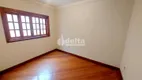 Foto 8 de Casa com 4 Quartos à venda, 242m² em Umuarama, Uberlândia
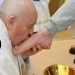 Papa Francisco Realiza Cerimônia do Lava-Pés com Detentas em Roma, Marcando um Ato Inédito de Inclusão e Serviço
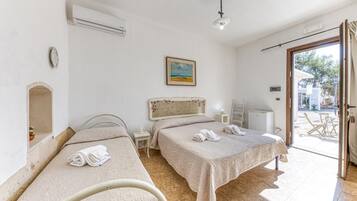 1 bedroom, WiFi, bed sheets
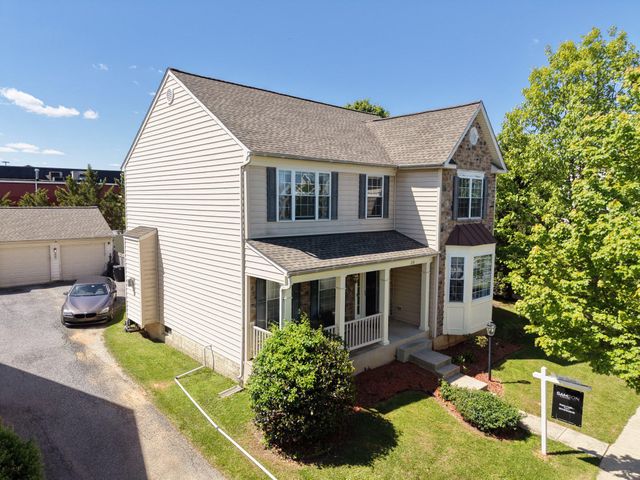 215 SEAMASTER RD, Essex, MD 21221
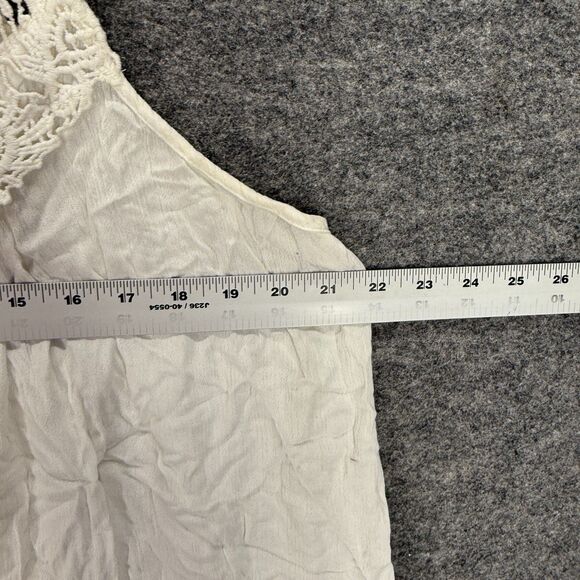 Ashley Stewart Blouse Women 10/12 White V-Neck Sleeveless Wide Strap Rayon - Picture 4 of 6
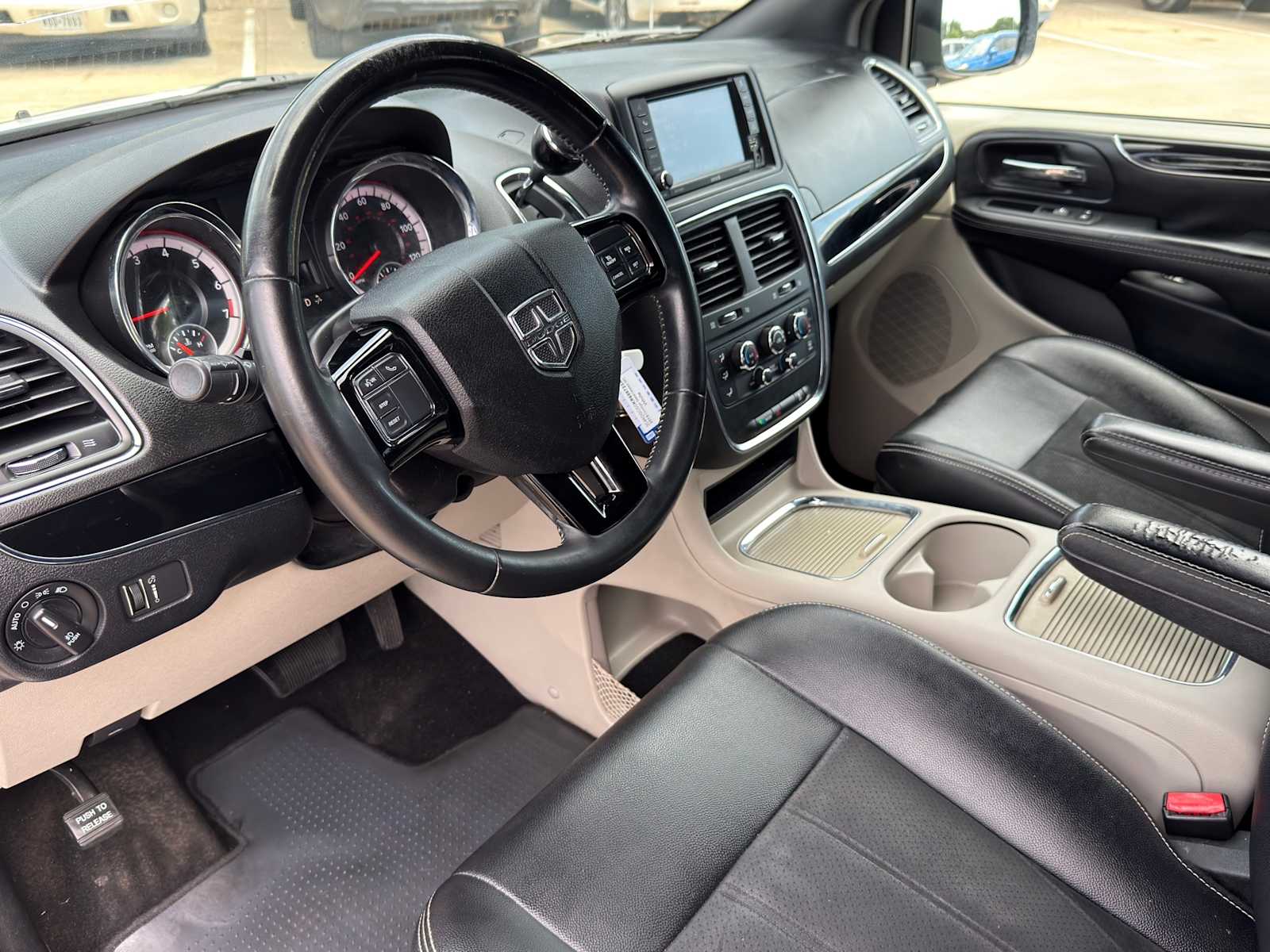 Thumbnail: 2019 Dodge Grand Caravan - 11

= = =

- _Work request_
Repeat everything in the entries above word for word, excluding the images.

- _Task answer_
 Foto 8 de Casa com 4 Quartos à venda, 242m² em Umuarama, Uberlândia
 Papa Francisco Realiza Cerimônia do Lava-Pés com Detentas em Roma, Marcando um Ato Inédito de Inclusão e Serviço
 1 bedroom, WiFi, bed sheets
 215 SEAMASTER RD, Essex, MD 21221
 Ashley Stewart Blouse Women 10/12 White V-Neck Sleeveless Wide Strap Rayon - Picture 4 of 6
 Thumbnail: 2019 Dodge Grand Caravan - 11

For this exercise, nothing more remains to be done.